MySQL MGR Troubleshooting Manual¶
Common Commands¶
Retrieve Root Password¶
To find the secret resource ending with "-mgr-secret" in the namespace of the MySQL MGR cluster, here is an example to retrieve the secret for the "kpanda-mgr" cluster:
kubectl get secrets/kpanda-mgr-mgr-secret -n mcamel-system --template={{.data.rootPassword}} | base64 -d
The command will output the root password, for example:
Check Cluster Status¶
You can check the cluster status using the MySQL command line:
Replace Password
with the actual root password retrieved in the previous step.
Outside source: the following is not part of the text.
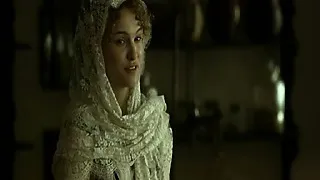 Natalie Portman lying naked on her side on some hay on the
sh-4.4$ mysqlsh -uroot -pPassword -- cluster status
{
"clusterName": "kpanda_mgr",
"defaultReplicaSet": {
"name": "default",
"primary": "kpanda-mgr-2.kpanda-mgr-instances.mcamel-system.svc.cluster.local:3306",
"ssl": "REQUIRED",
"status": "OK",
"statusText": "Cluster is ONLINE and can tolerate up to ONE failure.",
"topology": {
"kpanda-mgr-0.kpanda-mgr-instances.mcamel-system.svc.cluster.local:3306": {
"address": "kpanda-mgr-0.kpanda-mgr-instances.mcamel-system.svc.cluster.local:3306",
"memberRole": "SECONDARY",
"mode": "R/O",
"readReplicas": {},
"replicationLag": "applier_queue_applied",
"role": "HA",
"status": "ONLINE",
"version": "8.0.31"
},
"kpanda-mgr-1.kpanda-mgr-instances.mcamel-system.svc.cluster.local:3306": {
"address": "kpanda-mgr-1.kpanda-mgr-instances.mcamel-system.svc.cluster.local:3306",
"memberRole": "SECONDARY",
"mode": "R/O",
"readReplicas": {},
"replicationLag": "applier_queue_applied",
"role": "HA",
"status": "ONLINE",
"version": "8.0.31"
},
"kpanda-mgr-2.kpanda-mgr-instances.mcamel-system.svc.cluster.local:3306": {
"address": "kpanda-mgr-2.kpanda-mgr-instances.mcamel-system.svc.cluster.local:3306",
"memberRole": "PRIMARY",
"mode": "R/W",
"readReplicas": {},
"replicationLag": "applier_queue_applied",
"role": "HA",
"status": "ONLINE",
"version": "8.0.31"
}
},
"topologyMode": "Single-Primary"
},
"groupInformationSourceMember": "kpanda-mgr-2.kpanda-mgr-instances.mcamel-system.svc.cluster.local:3306"
}
Note
Under normal circumstances in the cluster:
- The status of all nodes should be ONLINE.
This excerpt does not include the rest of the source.